What we eat directly affect energy level, mood, and metabolism.
Scans of the brain show that poor nutrition and obesity cause a much smaller release of dopamine, also known as pleasure hormones. When levels are low, a craving for more sugar and fat try to compensate.
Poor nutrition also shows poor effects on the structure of the brain, especially the hippocampus, which is responsible for memory and learning new things.
Poor nutrition can make the hippocampus smaller than normal, increasing the risk of dementia and Alzheimer’s disease as a result.
What foods and lifestyle choices promote brain health? What other brain issues may arise from poor nutrition?

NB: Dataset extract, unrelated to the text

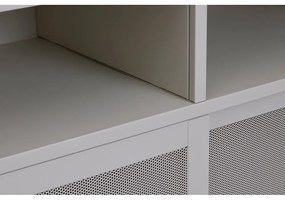 Szürke fém szekrény tolóajtóval 90x180x40 cm Veep – Unique Furniture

Healthy snacks throughout the day are important for daily brain function. Examples of healthy snacks might include mixed seeds, for exemple sunflower and pumpkin seeds.
These snacks have high amounts of magnesium, potassium, zinc and selenium which are vital for concentration, memory retention and “zen”-attitude.
You’ve heard it a lot of times, but breakfast is one of the most important parts of your day!
Oats are one of the best foods to help fuel your brain with a lasting brain boost. Oats are high in B vitamins which help us out in times of stress.
In result, when we don’t have enough B vitamins stored we may feel lower concentration and memory, irritability, and higher stress levels along with lack of motivation.
“The antioxidants in fruits and vegetables protect the brain from oxidants that damage delicate cell membranes and brain cells, and may cause dementia. Maintaining a high antioxidant level is important for cognition and memory.”
Look for darker colored fruits and vegetables for highest levels.
Include these foods in your diet, do some daily exercise, keep well hydrated and you’ll be well ahead of the game.
Also remember that no kind of food can help if you are not getting enough sleep. Get a good night’s sleep, and when you wake up, select foods that will stimulate your brain.
Typically, we eat with our body weight or heart health in mind, but research shows we should also be eating for our brains.
It is now well known that our food choices influence our memory, mood, general cognitive skills and mental wellbeing.
If we don’t choose the right foods, we’re not going to give our body the right raw materials. That’s why nutrients like omega-3 are so important, because every single cell membrane need to be provided by omega-3.
Otherwise our brain has to find alternatives which don’t provide the same flexibility for the membrane. So you don’t get the same level of brain function you would if you had the correct nutrition.
However, it’s not just omega-3 rich foods that can promote healthy brain function.
For this reason the Mediterranean diet which is rich in vegetables, fruit, lean protein and healthy fats is one of the best diets for optimal brain health.
The MIND Diet, more recently developed specifically to help reduce the risk of Alzheimer’s and dementia, takes inspiration from the Mediterranean diet.
I short, include a wide variety of different coloured veggies on your plate: carrots, capsicum, eggplant, pumpkin, tomatoes just to name a few.